## Exercise requirements
In the records below, find the line containing "Ritratto fiducioso di" and repeat it and every line after it exactly, without pictures.

Input data START

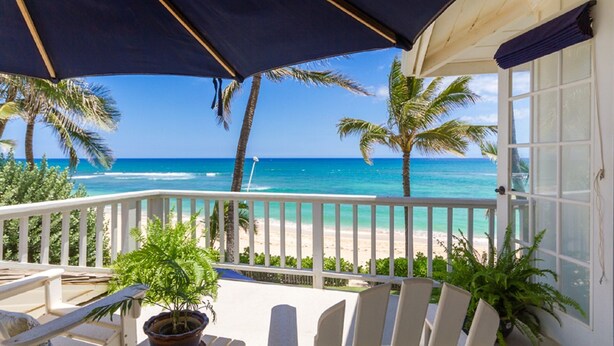 Een balkon met uitzicht op de oceaan, palmbomen en een strand.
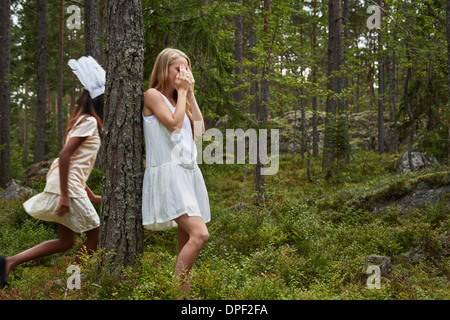 Adolescentes joue à cache-cache dans la forêt Banque D'Images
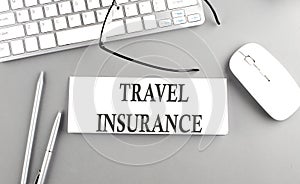 TRAVEL INSURANCE text on paper with keyboard on grey background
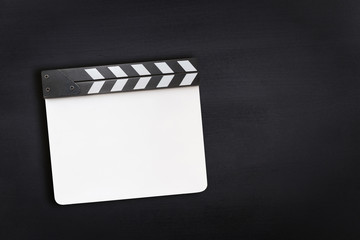 Blank clapper board on chalkboard texture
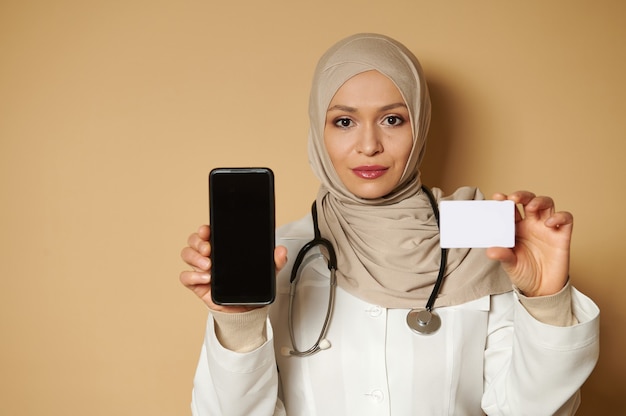 Ritratto fiducioso di una giovane dottoressa musulmana che indossa l'hijab che tiene una carta in bianco di plastica bianca e uno smartphone e li mostra alla parte anteriore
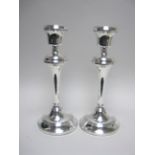 A pair of Elizabeth II silver Pillar Candlesticks with tapering columns on circular bases,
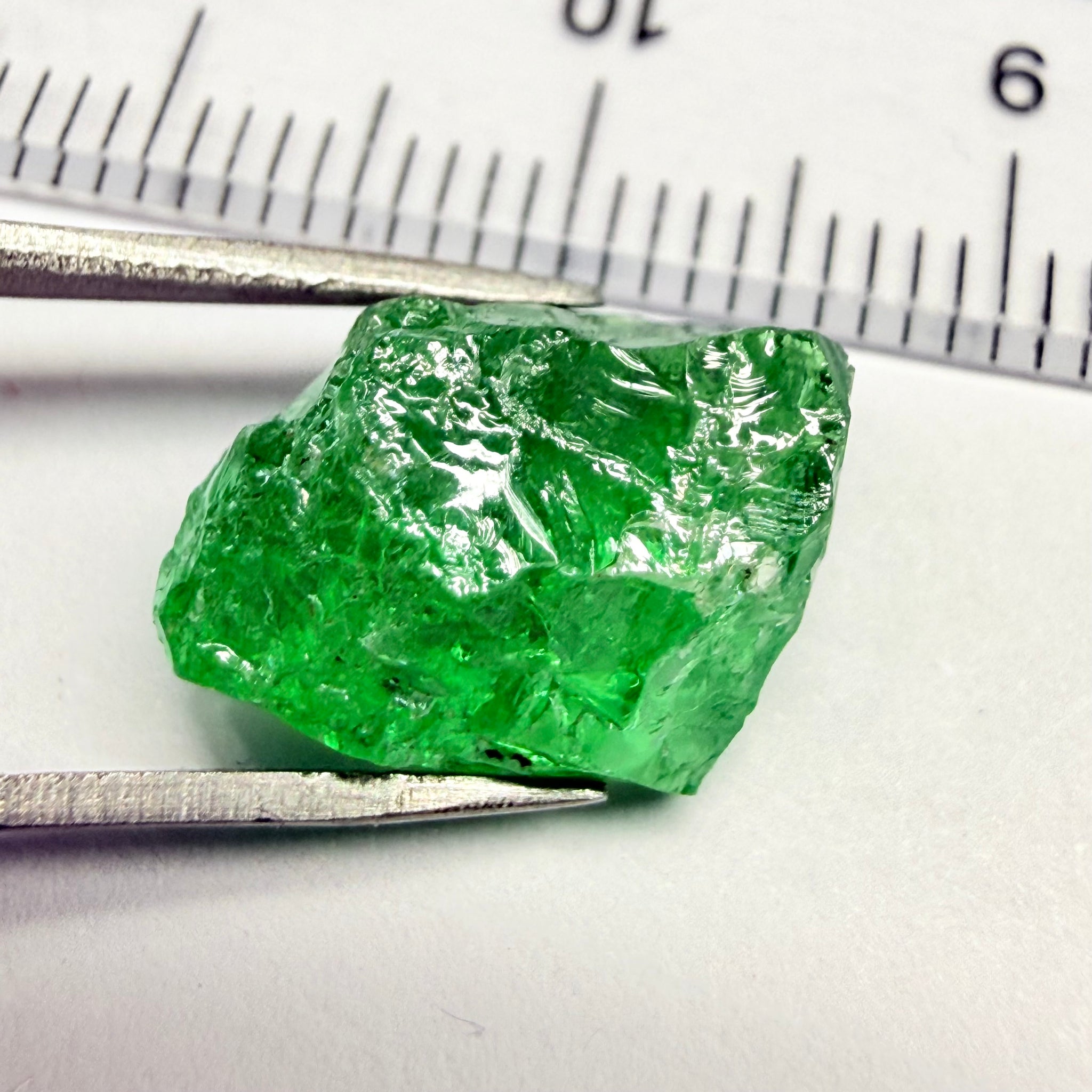 Tsavorite, 8.70ct, Tanzania, Untreated Unheated, slightly veiled, with a dividing crack, I have marked the position of the dividing crack in one of the pics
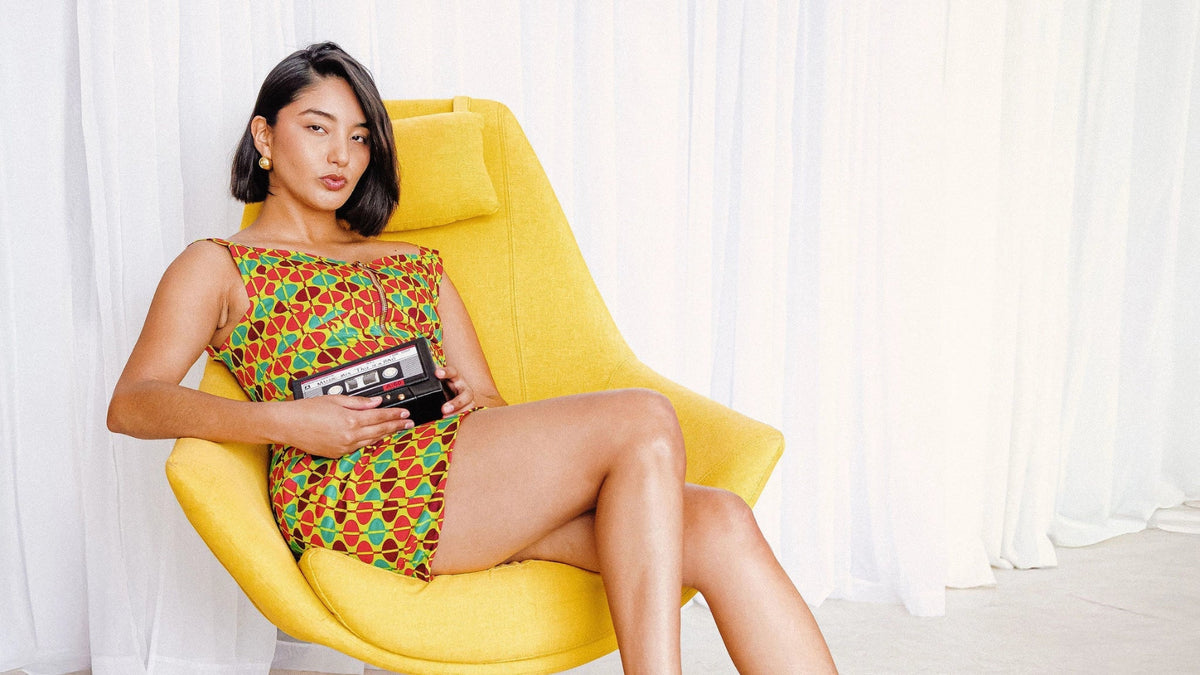 Woman sitting on a yellow chair holding a cassette tape in a room with white curtains.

Input data END

## Solution to this task
 Ritratto fiducioso di una giovane dottoressa musulmana che indossa l'hijab che tiene una carta in bianco di plastica bianca e uno smartphone e li mostra alla parte anteriore
 A pair of Elizabeth II silver Pillar Candlesticks with tapering columns on circular bases,
 Tsavorite, 8.70ct, Tanzania, Untreated Unheated, slightly veiled, with a dividing crack, I have marked the position of the dividing crack in one of the pics
 Woman sitting on a yellow chair holding a cassette tape in a room with white curtains.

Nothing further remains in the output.